Cancer Prostate Screening


Prostate cancer is the fifth leading cause of male cancer-related deaths worldwide, counting 1,276,106 new cases and 358,989 deaths annually.[1] In the united states, it is the second leading cause of male-cancer related deaths, with about 165,000 new cases and 29,000 annual deaths.[2] According to the data from the National Cancer Institute, for an average American male, there is an 11 percent risk of being diagnosed with PCa over their lifetime( the incidence increasing with age) and a 2.5 % risk of dying from it. The median age of death due to prostate cancer is 80, with 75 % of the prostate cancer-specific deaths occurring in those above 75 years. The lifetime risk of dying from prostate cancer also varies in different ethnic groups, with African American men having the highest risk of 4.2 %. 

Being the most commonly diagnosed cancer in men does raise concerns for screening; however, most cases are slow-growing, which never becomes clinically evident, and data have suggested that many men die of other causes before cancer becomes advanced, thus making routine screening controversial.[3] There are different recommendations regarding when and whom to screen for prostate cancer—all of these measures incorporate PSA testing as the primary screening tool. Apart from subtle differences, the primary focus of all of these recommendations is to help the patient make an informed decision regarding whether or not to undergo screening after being explained the benefits and risks of screening as well as taking into consideration the patient's values and preferences in this decision making. 

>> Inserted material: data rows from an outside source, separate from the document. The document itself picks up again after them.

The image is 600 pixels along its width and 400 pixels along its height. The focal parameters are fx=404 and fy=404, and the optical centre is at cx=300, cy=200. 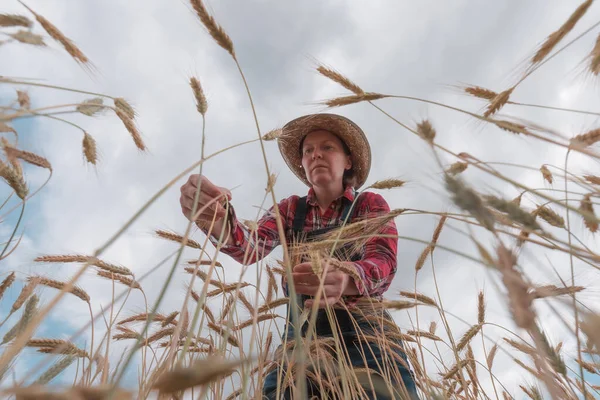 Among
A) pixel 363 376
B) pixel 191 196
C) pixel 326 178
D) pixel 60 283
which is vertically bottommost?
pixel 363 376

 The U.S Preventive Services Task Force recommendations: 

  • In men aged 55 to 69 years old, the decision to undergo periodic PSA screening should be an individual one after thorough upfront discussion between the physician and patient regarding risks, benefits, and limitations of such screening incorporating patient's values and preferences in decision making.
  • It recommends against PSA screening in men 70 years and above as it offers minimal survival benefit, which does not outweigh the significant treatment side effects and morbidities.[4] American Cancer Society (ACS) Recommendations:

Asymptomatic men with less than a 10-year life expectancy must receive information about risks, benefits, and uncertainties associated with PCa screening before they can make an informed decision with their physician. 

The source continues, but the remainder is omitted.